What this task involves: Produce word for word the lines of the data below running from the one that has "Analysis provides the" to the one that has "En graf som", inclusive, and no others.

[Source data Boundary: Start]

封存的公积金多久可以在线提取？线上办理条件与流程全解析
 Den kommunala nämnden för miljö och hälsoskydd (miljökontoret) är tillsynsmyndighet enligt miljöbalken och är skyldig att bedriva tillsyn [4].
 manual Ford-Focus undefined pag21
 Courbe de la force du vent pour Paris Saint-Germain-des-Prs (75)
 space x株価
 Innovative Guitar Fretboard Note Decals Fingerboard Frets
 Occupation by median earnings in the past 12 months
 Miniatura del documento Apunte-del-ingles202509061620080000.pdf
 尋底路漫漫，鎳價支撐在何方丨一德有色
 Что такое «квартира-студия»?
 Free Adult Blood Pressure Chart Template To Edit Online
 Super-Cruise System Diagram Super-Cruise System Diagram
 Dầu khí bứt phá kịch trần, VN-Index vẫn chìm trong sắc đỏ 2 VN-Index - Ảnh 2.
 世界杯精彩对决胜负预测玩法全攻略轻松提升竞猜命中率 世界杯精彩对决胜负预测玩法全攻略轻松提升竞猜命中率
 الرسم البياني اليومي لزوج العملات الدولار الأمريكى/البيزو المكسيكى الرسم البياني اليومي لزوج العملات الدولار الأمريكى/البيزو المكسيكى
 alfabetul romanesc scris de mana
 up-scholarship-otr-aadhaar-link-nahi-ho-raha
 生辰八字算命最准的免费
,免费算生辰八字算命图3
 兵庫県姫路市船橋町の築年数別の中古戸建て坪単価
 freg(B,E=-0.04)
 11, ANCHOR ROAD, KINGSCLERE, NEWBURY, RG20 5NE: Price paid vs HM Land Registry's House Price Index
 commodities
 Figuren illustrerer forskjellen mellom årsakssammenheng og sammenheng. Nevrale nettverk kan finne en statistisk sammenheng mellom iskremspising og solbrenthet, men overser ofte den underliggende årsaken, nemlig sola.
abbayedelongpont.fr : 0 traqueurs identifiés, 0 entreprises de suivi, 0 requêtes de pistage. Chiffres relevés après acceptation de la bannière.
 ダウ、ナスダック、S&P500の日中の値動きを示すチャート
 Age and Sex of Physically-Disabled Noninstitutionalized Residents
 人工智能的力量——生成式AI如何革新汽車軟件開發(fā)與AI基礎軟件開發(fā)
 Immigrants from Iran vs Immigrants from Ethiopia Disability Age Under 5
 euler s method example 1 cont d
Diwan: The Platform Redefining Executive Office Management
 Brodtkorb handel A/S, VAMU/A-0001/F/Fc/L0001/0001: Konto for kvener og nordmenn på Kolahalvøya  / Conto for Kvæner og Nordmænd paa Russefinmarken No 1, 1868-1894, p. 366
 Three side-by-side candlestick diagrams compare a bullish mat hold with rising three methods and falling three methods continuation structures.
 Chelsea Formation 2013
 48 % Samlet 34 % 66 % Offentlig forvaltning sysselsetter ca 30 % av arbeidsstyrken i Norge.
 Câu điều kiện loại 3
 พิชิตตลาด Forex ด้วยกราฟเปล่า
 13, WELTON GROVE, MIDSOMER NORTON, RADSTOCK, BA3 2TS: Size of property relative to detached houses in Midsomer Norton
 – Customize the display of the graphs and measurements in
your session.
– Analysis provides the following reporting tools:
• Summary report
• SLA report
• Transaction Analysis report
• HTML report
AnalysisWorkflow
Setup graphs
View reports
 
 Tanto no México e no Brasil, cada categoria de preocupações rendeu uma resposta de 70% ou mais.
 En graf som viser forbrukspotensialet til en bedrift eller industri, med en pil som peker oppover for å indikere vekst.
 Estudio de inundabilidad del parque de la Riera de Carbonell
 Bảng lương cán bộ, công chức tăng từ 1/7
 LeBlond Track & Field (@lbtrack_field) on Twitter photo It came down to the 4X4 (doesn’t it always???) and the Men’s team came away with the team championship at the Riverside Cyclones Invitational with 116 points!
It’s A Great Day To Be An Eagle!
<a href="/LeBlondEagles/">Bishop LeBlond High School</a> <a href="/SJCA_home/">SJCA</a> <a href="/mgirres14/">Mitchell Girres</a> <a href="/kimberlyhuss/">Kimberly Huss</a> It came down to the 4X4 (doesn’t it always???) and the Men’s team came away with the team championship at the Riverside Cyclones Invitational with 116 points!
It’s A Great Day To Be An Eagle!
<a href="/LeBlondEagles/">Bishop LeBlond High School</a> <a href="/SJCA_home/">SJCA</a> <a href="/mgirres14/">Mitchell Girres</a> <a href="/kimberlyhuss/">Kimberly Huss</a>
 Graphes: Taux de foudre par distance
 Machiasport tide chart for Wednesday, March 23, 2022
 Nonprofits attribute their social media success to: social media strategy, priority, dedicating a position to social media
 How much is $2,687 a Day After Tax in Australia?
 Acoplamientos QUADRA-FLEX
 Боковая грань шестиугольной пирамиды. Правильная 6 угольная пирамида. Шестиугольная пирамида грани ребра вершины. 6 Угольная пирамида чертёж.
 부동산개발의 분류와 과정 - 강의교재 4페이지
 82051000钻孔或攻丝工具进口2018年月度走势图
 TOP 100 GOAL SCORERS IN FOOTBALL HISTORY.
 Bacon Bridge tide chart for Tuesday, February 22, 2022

[Source data Boundary: End]

Reply:
– Analysis provides the following reporting tools:
• Summary report
• SLA report
• Transaction Analysis report
• HTML report
AnalysisWorkflow
Setup graphs
View reports
 
 Tanto no México e no Brasil, cada categoria de preocupações rendeu uma resposta de 70% ou mais.
 En graf som viser forbrukspotensialet til en bedrift eller industri, med en pil som peker oppover for å indikere vekst.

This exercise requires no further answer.